California is allowed under the federal Clean Air Act to impose tougher-than-federal emissions rules, and other states can opt to adopt California’s rules. To date, nearly a dozen have. These states account for almost 30 percent of annual new car sales.
As part of the present administration’s efforts to roll back fuel efficiency standards, the federal government has sought to block California’s right to set its own rules. The state is suing the block that ruling.
Ironically, if the Trump fuel efficiency rollback is upheld, automakers would still have to deal with multiple sets of standards if they want to compete globally.
The EPA’s own science advisors said in a February analysis of the agency’s planned rollback that the technical analysis used to justify the new standards was horrible flawed.
“The standards in the 2012 rule might provide a better outcome for society than the proposed revision,” the advisory board wrote, to no avail.
The Fight’s On
A group of states led by California already have announced intent to sue to block the rollback.
“We intend to make sure the backsliding doesn’t reach California’s doorstep,” California Atty. Gen. Xavier Becerra said.
California also is suing to block the administration’s effort to revoke the EPA waiver that allows it to set its own tougher-than-federal emission standards – which are based on fuel efficiency.
Meanwhile, the Coalition for Clean Air, a California environmental lobbying group, has sent a letter to the state’s governor and leaders of both houses of the state legislature urging them to stand fast in their opposition to a slew of EPA rollbacks that are weakening federal clean water and clean air policies.
In addition to suing to block the cut in fuel efficiency requirements, California has struck a private agreement with Ford, Honda, BMW and Volkswagen to continue pursuing tougher fuel efficiency. The agreement calls for those automakers to achieve a fleetwide regulatory average of 51 mpg by 2025. That’s about 35 mpg in real-world terms.

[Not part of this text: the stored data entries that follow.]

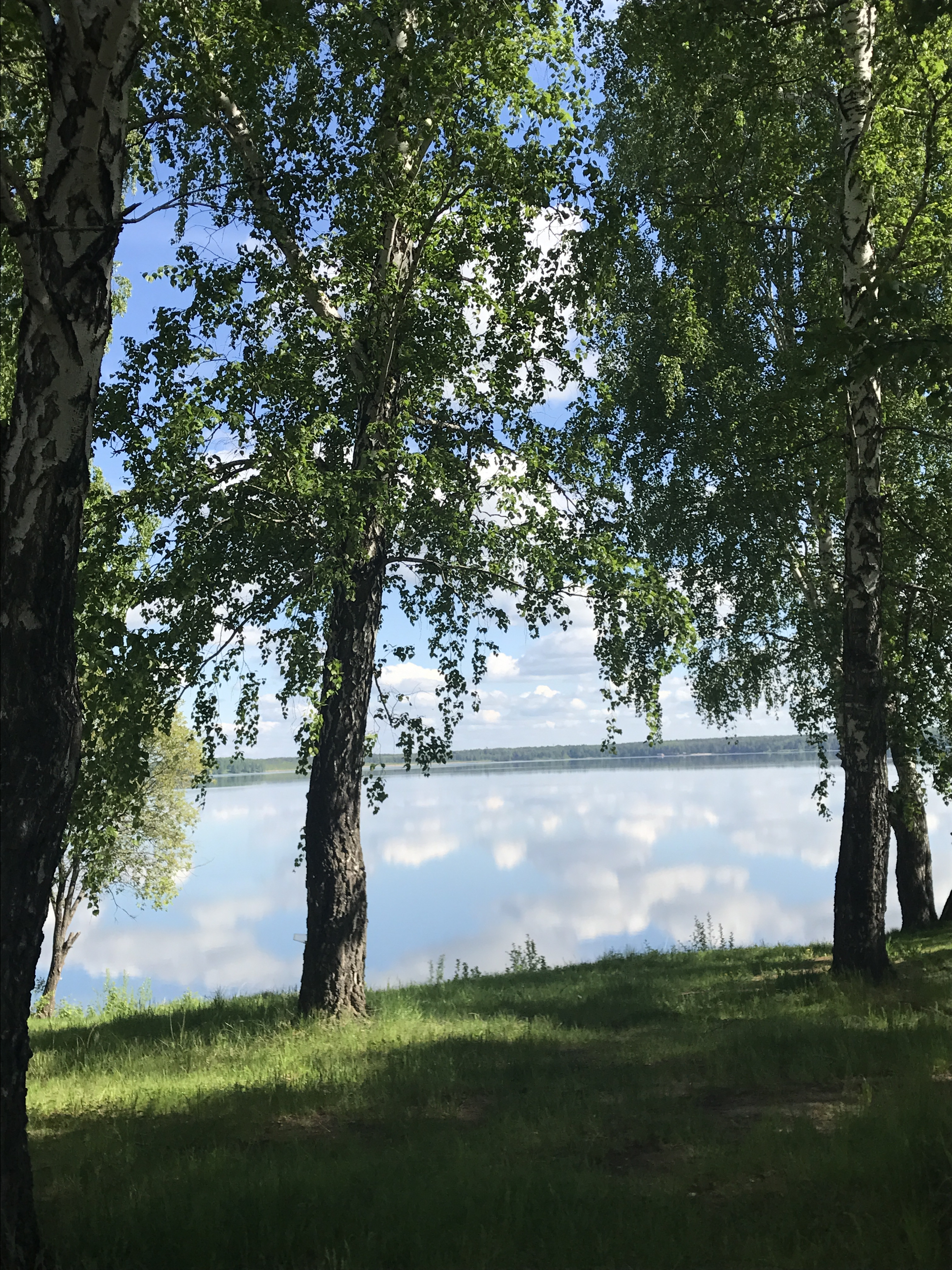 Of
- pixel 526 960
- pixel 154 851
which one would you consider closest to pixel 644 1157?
pixel 526 960

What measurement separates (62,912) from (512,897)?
42.3 metres

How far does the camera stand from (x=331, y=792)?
11.6m

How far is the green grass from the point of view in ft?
15.7

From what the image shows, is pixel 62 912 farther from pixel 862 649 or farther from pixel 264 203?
pixel 862 649

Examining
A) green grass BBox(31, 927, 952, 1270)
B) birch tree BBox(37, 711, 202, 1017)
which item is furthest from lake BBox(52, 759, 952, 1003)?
green grass BBox(31, 927, 952, 1270)

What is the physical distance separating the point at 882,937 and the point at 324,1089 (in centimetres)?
671

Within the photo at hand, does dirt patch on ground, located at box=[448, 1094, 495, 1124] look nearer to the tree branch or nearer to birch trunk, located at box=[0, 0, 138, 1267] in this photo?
birch trunk, located at box=[0, 0, 138, 1267]

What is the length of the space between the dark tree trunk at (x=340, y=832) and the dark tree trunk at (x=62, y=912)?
15034 millimetres

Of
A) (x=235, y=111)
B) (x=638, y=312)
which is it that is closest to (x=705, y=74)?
(x=235, y=111)

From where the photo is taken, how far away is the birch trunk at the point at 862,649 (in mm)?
11141

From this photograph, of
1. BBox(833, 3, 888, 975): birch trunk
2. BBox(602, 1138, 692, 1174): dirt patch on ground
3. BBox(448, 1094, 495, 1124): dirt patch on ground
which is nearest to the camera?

The Coalition, a group of 20 environmental, climate and public health organization, notes that the Trump Administration’s decision will lead to increased air pollution.
This comes at a time the Covid-19 pandemic is most threatening to people with the kinds of respiratory diseases caused or exacerbated by air pollution.
The letter cautions that “weakening of delaying needed health based standards would damage both our economy and our health.” It urges state political leaders to “stand firm in defense of public health” even while “the Trump Administration continues, even during this (Covid-9) crisis, to roll back sensible standards at the behest of polluters.”
To date, the Trump EPA has rolled back or eliminated more than 100 rules affecting air and water pollution.